= PROVIDED DATA =
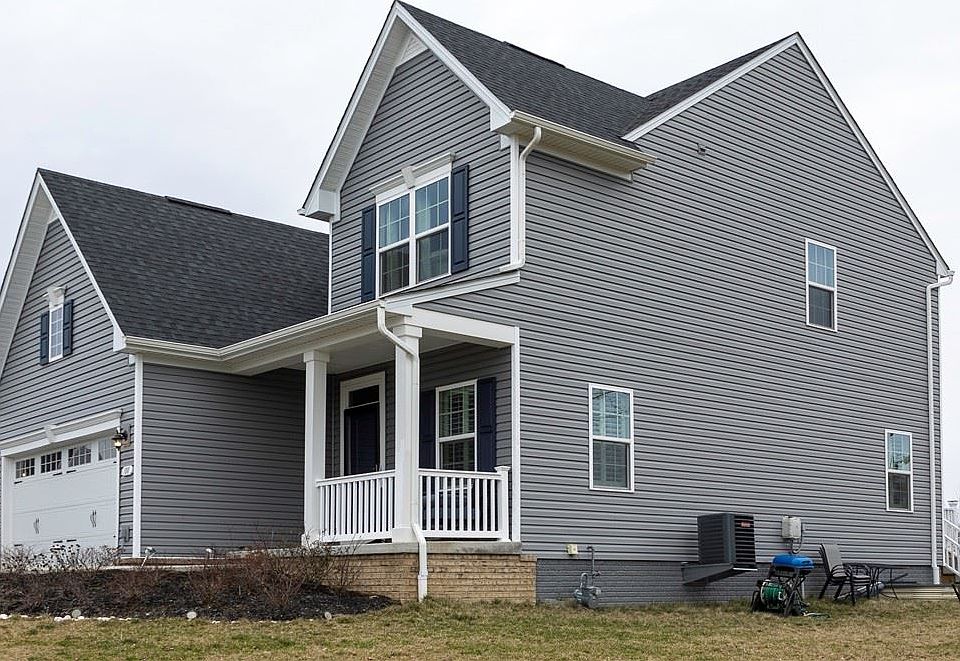 1st image of 100 Red Pine Dr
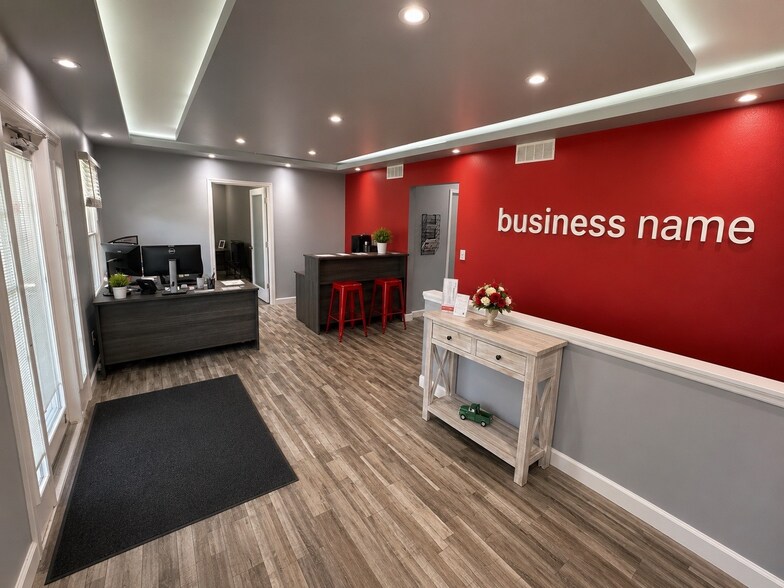More Photos Of 1324 Troy Rd, Edwardsville Office For Sale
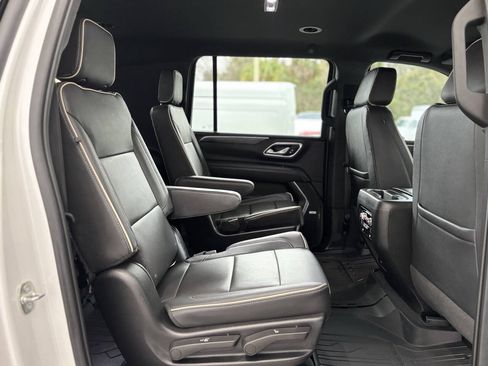 Used 2022 GMC Yukon XL SLT w/ SLT Luxury Package RWD image 30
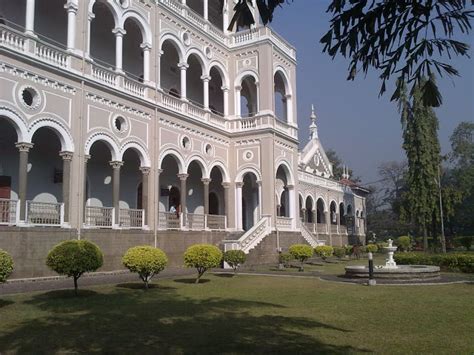 Travelogue Pune Aga Khan Palace And Nearby Random Mobile Clicks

= WORK REQUIRED =
Once the line containing "Used 2022 GMC" is found, transcribe it and the rest of the lines to the end of the listing above exactly, omitting all pictures.

= TASK RESULT =
 Used 2022 GMC Yukon XL SLT w/ SLT Luxury Package RWD image 30
 Travelogue Pune Aga Khan Palace And Nearby Random Mobile Clicks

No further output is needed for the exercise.